When you transcribe the data below, reproduce every line exactly and leave each picture out.

## Stored data
___
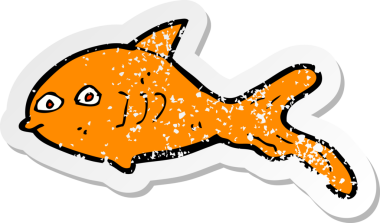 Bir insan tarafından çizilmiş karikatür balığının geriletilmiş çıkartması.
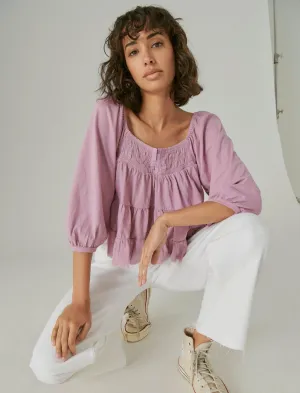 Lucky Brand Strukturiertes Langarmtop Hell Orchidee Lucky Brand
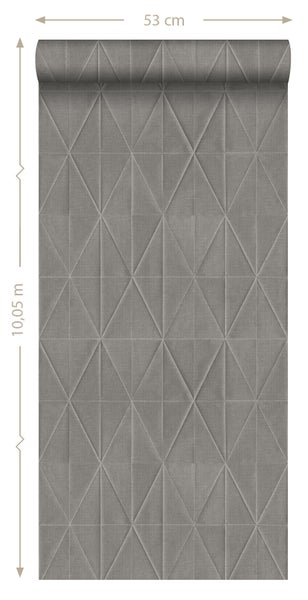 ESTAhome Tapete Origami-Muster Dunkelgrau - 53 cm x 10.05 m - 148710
___
## Response to the exercise
 Bir insan tarafından çizilmiş karikatür balığının geriletilmiş çıkartması.
 Lucky Brand Strukturiertes Langarmtop Hell Orchidee Lucky Brand
 ESTAhome Tapete Origami-Muster Dunkelgrau - 53 cm x 10.05 m - 148710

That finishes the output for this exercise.